After months of watching sovereign-wealth funds from the Middle East and Singapore have all the fun, cutting big deals to help prop up Wall Street’s flimsy balance sheets, China Investment Corp. is back in action.

dragonChina’s sovereign-wealth fund had been sitting on the sidelines since it bought a $3 billion stake in Blackstone Group’s initial public offering in June. And it has been licking its wounds ever since. With the stock hit hard by the credit crunch, CIC has a a paper loss of about 21%, or about $630 million.

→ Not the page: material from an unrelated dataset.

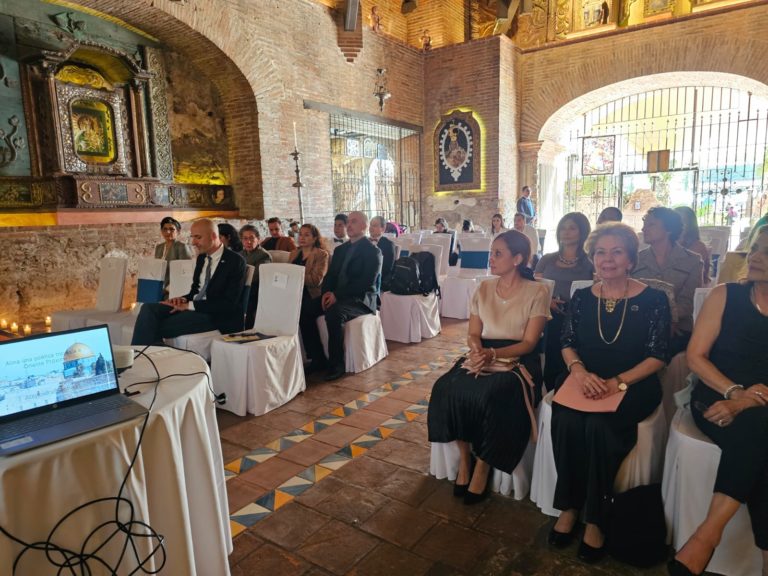 Presentación del libro “ALMA, una poética travesía a Oriente Próximo”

As criticism of that deal mounted at home, China deal makers snickered at how CIC paid a high price for its lack of deal savvy. So CIC turned to less-sexy pursuits, like hiring overseas staff and external money managers to farm out the $67 billion set aside for overseas deals.

Now it has splurged in buying as much as a 9.9% stake in Morgan Stanley. The $5 billion investment meets at least one key CIC goal – beating the sovereign-wealth fund’s cost of funding. China’s finance ministry wants the fund to return a minimum of 5% a year to cover the cost of bonds it issued to fund the agency. (CIC has an agreement with the Finance Ministry to protect CIC from foreign-exchange fluctuations.)

Morgan Stanley is guaranteeing a 9% annual rate of return for CIC between now and August 2010, when CIC’s investment converts to shares. That will give CIC a nice 4% premium — and maybe enough to cover the losses on the Blackstone bet.